Concebido dentro del marco conceptual de esta filosofía, el arte invade el campo propio de la metafísica; se convierte en sucedáneo o sustituto de la religión, se asimila a los ritos iniciáticos de las religiones de carácter soteriológico, donde el pecado y la redención, la muerte y la resurrección, el éxtasis y la penitencia redentora son su razón de ser. La vida es vista como un peregrinaje hacia una ansiada redención, una búsqueda agónica de un perdón que nunca llega, como en el drama musical Tanhäuser de Richard Wagner. El apasionado músico-poeta, cantor del nacionalismo teutón, fue así investido del ropaje de nuevo profeta de una estética que fascinó al joven Nietzsche; en sus ensayos y escritos en que no rehuía enfrentar agrias polémicas, Wagner logró poner los fundamentos de la estética de una nueva era, la nuestra, porque no ha sido ni parece que sea superada en un futuro cercano, como lo prueba la filosofía del último Heidegger, o las bellas páginas del eterno rebelde excogitado por Camus. La única cercanía a la plenitud de la vida solo se logra en el éxtasis erótico como el que se goza en el reino de Venus, la diosa que pervierte a Tanhäuser, o en un amor tan sensual como puro como el de Tristán e Isolda, donde el abrazo del amor eterno se convierte en beso de la muerte para los héroes trágicos, que logran así el acceso a la eternidad gracias al arte; el instante deviene eternidad, como en el impresionismo de Manet y Monet, o en el cromatismo de Debussy.

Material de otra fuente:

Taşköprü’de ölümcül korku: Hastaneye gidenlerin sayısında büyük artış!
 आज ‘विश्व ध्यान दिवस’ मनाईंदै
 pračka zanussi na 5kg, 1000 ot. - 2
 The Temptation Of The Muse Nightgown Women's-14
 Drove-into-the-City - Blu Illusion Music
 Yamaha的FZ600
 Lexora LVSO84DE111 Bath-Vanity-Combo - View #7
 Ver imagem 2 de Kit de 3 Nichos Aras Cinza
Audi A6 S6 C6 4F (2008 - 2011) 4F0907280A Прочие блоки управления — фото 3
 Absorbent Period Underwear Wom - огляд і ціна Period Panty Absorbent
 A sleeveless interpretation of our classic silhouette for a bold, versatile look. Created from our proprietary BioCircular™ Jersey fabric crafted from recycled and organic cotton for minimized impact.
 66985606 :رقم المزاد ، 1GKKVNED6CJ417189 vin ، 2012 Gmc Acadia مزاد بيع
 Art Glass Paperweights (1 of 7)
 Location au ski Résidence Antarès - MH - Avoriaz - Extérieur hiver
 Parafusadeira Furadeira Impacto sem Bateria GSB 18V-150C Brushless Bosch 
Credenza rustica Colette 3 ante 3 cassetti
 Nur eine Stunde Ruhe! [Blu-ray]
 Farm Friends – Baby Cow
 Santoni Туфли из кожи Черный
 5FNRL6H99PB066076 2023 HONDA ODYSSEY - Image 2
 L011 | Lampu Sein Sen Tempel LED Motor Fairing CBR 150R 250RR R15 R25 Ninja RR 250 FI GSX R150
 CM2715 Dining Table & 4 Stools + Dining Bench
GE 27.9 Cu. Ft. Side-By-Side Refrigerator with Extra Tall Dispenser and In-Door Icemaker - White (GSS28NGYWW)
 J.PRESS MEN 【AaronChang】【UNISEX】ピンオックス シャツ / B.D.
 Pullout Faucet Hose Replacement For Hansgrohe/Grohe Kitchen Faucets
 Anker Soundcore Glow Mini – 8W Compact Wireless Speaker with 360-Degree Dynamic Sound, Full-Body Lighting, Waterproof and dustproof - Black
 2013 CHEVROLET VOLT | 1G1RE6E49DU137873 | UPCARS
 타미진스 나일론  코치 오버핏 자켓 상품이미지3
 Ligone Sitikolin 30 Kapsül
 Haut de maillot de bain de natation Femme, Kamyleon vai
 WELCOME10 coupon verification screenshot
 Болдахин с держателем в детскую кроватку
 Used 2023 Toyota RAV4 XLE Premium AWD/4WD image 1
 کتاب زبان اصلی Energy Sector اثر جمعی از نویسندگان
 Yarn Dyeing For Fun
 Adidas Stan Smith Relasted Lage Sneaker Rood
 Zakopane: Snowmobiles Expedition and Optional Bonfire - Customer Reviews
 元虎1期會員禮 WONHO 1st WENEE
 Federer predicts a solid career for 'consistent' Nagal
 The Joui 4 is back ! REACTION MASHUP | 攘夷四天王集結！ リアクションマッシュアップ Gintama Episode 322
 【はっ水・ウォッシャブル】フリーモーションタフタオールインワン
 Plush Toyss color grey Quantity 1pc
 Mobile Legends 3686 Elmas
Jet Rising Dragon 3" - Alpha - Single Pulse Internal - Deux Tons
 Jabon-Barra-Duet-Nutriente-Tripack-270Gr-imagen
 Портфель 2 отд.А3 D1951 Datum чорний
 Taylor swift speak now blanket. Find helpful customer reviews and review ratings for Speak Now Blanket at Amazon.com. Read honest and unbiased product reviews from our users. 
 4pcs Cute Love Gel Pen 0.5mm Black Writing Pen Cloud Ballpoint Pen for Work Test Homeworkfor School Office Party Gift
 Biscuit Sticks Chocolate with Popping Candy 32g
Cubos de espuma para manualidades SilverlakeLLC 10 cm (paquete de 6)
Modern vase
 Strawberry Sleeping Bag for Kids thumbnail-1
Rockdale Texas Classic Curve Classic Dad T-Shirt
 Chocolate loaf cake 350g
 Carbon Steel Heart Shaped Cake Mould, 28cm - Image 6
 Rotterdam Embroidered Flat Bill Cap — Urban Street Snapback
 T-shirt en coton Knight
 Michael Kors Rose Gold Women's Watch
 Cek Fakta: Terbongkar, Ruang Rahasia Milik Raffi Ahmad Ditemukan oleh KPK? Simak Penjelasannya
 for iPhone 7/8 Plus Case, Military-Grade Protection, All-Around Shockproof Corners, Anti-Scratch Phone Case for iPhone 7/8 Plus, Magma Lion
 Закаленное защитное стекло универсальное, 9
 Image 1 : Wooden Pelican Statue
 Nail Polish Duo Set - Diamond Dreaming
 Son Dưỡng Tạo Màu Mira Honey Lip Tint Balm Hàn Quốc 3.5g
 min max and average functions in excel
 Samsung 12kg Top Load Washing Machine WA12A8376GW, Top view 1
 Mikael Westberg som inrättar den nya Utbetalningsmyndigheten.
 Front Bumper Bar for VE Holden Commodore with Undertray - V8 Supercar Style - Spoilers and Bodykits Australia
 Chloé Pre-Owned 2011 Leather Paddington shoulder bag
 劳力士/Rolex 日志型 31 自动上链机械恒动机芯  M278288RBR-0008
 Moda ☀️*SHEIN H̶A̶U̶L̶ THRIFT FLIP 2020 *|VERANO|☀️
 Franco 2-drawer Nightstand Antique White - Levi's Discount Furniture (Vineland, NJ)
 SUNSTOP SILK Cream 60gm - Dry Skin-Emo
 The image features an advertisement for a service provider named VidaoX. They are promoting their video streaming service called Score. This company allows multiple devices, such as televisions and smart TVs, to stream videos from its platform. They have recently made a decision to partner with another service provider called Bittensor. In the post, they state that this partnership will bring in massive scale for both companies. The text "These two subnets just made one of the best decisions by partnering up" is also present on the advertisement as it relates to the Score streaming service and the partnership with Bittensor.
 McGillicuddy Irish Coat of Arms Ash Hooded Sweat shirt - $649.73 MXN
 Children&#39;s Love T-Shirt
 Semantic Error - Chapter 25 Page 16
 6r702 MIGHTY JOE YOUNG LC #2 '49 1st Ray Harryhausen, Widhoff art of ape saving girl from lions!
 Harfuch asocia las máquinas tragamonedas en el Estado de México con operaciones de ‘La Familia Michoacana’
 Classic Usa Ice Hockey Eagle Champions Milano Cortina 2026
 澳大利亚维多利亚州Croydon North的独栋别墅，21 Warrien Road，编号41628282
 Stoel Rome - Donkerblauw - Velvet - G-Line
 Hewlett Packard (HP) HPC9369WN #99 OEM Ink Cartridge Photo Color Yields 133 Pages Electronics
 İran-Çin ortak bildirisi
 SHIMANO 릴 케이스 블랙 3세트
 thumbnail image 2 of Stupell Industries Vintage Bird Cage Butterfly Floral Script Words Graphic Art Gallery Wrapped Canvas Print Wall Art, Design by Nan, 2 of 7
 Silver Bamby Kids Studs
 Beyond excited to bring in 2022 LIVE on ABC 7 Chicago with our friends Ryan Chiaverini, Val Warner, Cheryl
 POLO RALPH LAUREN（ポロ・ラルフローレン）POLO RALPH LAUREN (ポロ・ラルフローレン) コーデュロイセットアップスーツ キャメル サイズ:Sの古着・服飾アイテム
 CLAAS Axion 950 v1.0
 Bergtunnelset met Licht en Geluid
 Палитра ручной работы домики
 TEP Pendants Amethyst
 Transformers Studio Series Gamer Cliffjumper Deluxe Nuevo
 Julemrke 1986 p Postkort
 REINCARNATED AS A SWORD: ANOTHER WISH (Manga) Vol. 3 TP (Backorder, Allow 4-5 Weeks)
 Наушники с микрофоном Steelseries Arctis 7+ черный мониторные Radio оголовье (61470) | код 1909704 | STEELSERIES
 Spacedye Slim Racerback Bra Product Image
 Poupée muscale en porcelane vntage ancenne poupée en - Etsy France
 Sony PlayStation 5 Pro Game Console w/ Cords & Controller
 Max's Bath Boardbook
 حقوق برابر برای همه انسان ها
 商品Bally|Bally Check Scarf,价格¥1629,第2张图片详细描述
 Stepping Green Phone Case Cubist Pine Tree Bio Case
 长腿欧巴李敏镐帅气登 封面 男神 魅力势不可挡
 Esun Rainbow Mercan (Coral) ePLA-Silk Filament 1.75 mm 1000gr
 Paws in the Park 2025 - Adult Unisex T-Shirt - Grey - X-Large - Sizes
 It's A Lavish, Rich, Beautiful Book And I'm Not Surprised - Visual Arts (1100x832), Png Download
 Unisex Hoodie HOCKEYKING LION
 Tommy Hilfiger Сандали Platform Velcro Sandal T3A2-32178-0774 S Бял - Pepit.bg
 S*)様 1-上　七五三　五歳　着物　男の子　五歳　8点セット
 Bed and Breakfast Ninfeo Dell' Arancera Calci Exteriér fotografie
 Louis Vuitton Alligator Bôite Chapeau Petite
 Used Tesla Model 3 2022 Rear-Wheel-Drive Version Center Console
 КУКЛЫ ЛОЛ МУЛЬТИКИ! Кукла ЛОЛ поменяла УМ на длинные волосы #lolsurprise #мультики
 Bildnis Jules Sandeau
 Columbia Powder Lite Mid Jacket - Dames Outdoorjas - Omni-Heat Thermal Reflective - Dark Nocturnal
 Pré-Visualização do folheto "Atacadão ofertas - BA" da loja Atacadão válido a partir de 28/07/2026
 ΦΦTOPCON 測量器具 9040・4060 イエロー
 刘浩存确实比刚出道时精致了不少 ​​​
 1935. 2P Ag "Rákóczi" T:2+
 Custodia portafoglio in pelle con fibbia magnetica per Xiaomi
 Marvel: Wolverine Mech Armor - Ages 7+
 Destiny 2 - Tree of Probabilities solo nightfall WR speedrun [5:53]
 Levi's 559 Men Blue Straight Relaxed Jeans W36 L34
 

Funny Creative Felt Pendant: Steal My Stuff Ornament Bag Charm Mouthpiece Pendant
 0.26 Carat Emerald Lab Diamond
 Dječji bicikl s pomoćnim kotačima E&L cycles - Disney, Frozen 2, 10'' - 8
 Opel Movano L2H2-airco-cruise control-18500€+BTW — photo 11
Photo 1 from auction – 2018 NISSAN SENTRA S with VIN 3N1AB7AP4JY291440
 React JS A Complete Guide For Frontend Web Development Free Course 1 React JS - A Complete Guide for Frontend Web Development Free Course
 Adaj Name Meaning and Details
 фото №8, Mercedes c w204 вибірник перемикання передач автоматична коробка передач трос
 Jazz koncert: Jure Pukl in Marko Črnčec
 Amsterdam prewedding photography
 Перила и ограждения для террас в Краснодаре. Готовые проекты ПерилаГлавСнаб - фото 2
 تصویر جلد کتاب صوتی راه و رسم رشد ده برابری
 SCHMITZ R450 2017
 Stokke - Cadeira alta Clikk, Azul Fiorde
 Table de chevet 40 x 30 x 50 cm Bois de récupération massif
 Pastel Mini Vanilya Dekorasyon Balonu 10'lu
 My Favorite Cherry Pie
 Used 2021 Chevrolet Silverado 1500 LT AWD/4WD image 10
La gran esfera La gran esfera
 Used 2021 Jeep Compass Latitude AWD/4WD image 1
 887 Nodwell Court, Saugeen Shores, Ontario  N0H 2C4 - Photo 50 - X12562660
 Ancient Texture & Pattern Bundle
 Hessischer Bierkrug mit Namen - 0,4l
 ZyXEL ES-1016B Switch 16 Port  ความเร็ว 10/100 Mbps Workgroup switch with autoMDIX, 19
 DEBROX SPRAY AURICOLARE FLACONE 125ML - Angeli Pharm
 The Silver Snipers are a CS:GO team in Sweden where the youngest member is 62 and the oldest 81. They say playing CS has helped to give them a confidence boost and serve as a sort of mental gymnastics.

La gracia del arte no consiste en decir sino en insinuar, como en la poesía modernista; el arte crea una atmósfera en que cada cual recrea su propia experiencia estética que abarca todos los sentidos; es el arte total preconizado por Wagner, sueño hecho realidad en Bayreuth. El arte deviene orgasmo en que las palabras son gestos y los sonidos parte de una escenografía que abarca a la arquitectura y hace del director de orquesta algo mucho más que un acompañante de una ceremonia en que la música es el anfitrión. Richard Wagner ha creado, a la luz de la filosofía de Schopenhauer y secundado por la tormentosa amistad con Nietzsche, la estética contemporánea: fruto de la mayor revolución cultural de nuestros tiempos.
(NOTA: Este artículo se gesta a partir de una libérrima lectura del fascinante libro de Bryan Magee: Wagner y la filosofía, Fondo de Cultura Económica, México D.F., 1ra. reimpresión, 2014).